TASK OBJECTIVE: Omitting the pictures, restate all of the entries below exactly.

★ ★ ★

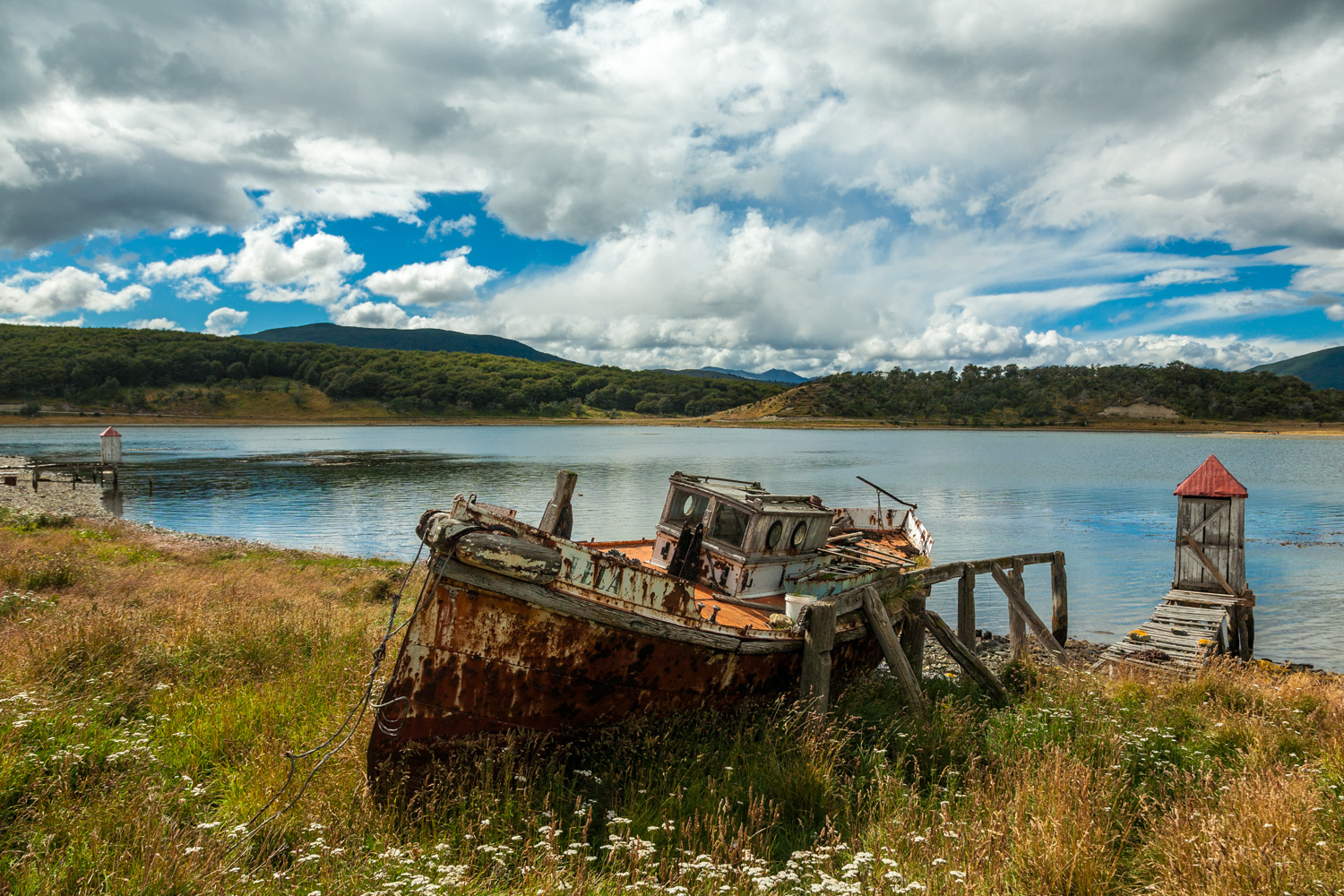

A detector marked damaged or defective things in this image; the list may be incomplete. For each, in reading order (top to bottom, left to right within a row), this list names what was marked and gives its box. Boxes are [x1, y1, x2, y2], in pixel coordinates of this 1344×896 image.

broken railing [796, 553, 1070, 714]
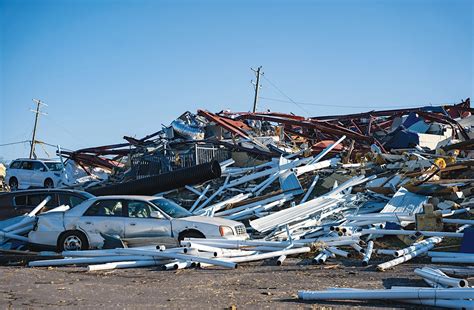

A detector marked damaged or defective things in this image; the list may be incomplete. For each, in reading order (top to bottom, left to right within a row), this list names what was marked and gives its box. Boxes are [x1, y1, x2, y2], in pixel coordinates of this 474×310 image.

crushed vehicle [27, 196, 250, 252]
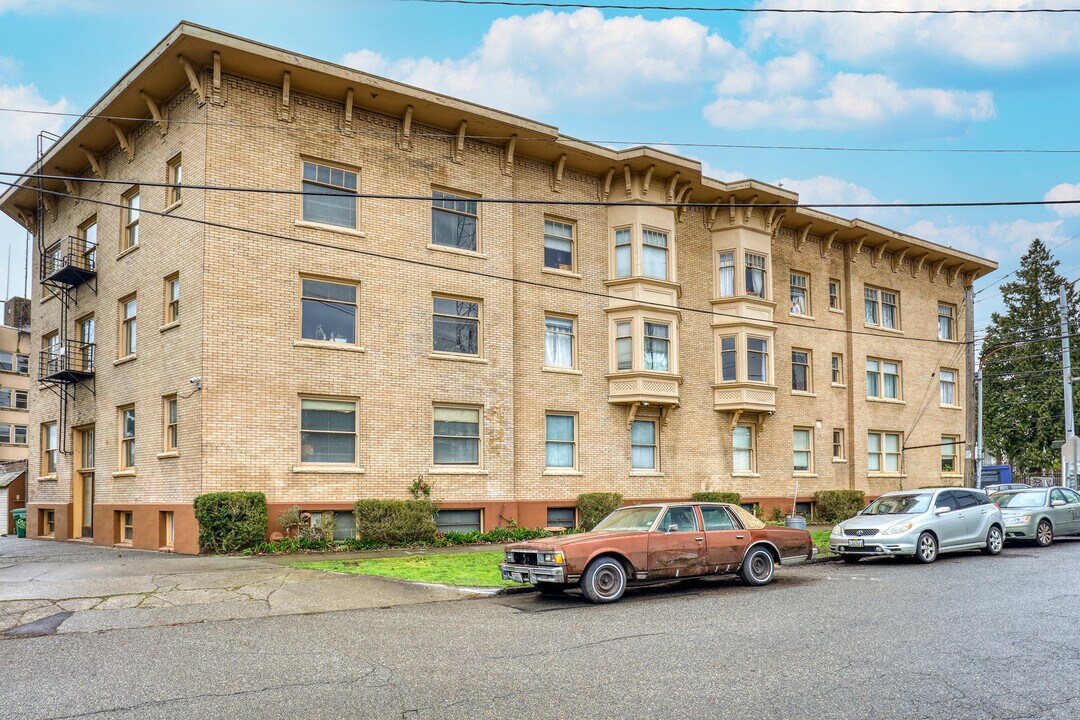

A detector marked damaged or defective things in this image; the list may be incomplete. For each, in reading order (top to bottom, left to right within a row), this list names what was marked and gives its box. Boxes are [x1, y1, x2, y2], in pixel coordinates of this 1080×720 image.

★ ★ ★

EXPECTED OUTPUT:
A detector marked damaged or defective things in this image; the list may be incomplete. For each, in reading order (top to bottom, left to right within a row), this list names what was marked and gives its box. Boxes are [x1, y1, x2, y2], in pixel coordinates of this 1344×896 image.

broken railing [796, 553, 1070, 714]

A detector marked damaged or defective things in this image; the list may be incomplete. For each, in reading order (top to bottom, left to right within a row), this list names what was marked and gives its box. Boxes are [x1, y1, x2, y2], in pixel coordinates of this 474×310 image.

crushed vehicle [27, 196, 250, 252]

A detector marked damaged or defective things in this image; the list may be incomplete. For each, in reading order (top to bottom, left to right within a row), this list names what was marked and gives its box. Boxes are [x1, y1, x2, y2], in pixel coordinates of this 1080×720 image.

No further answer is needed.